An important step in this process tracking innovation in smart luggage is to work with leading technology companies. Samsonite is trialling a new, longer battery life, wider range technology called Narrowband-IoT (NB-IoT) with Vodafone, as an additional option for their Track&Go solution. Track&Go is a device that can be put into your travel or business bag, and can easily and privately be tracked by its owner. The new NB-IoT technology will allow a new generation of telemetry tags to be built which are less intrusive and more efficient, using less power to accommodate smaller batteries with a longer life.
How does Track&Go work?
The Track&Go solution is based on two principles: proximity alerts and geolocation. Thanks to the proximity alerts integration, you will instantly receive a smartphone notification when your bag is out of your range. This will enable you to confidently leave your luggage in the dedicated compartment, while still enjoying your trip without any stress.
This new proof of concept test with NB-IoT will look into the future possibilities of geolocation. It would make it possible to track your valuables, anytime, anywhere. In case your bag gets lost, you will be able to see its current location and the necessary contact details to get your belongings back, if applicable.
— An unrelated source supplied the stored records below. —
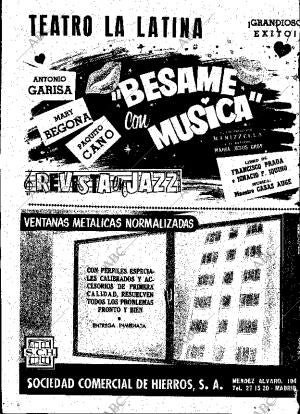 ABC MADRID 07-11-1958 página 28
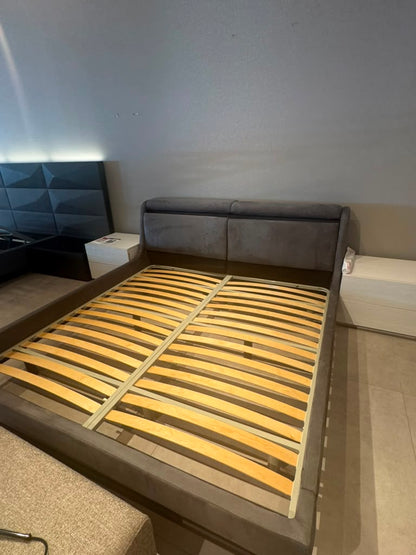 Gema King Siza Bed - OUTLET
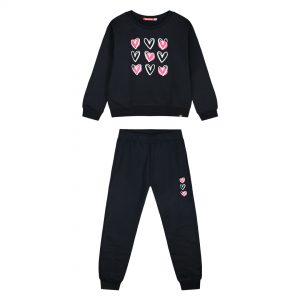 Tracksuit with print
Since technology is changing constantly, research and development of user-centred solutions and new technologies such as these will help the travel industry achieve their goal when it comes to mishandled bags and further improve your travel experience. The travel industry is very sensitive to safety and security and service providers need to be compliant with all airline regulations in place, while bringing a reliable solution for the consumer.
Together Everyone Achieves More
Travellers’ worst nightmare addressed
In 2015, 23.1 million pieces of baggage were mishandled worldwide, meaning they were temporarily or permanently lost. Of these 23.1 million pieces, the vast majority is successfully delivered back to the passengers, on average within 48 hours. Unfortunately, 6% of all mishandled baggage is never reunited with its owners.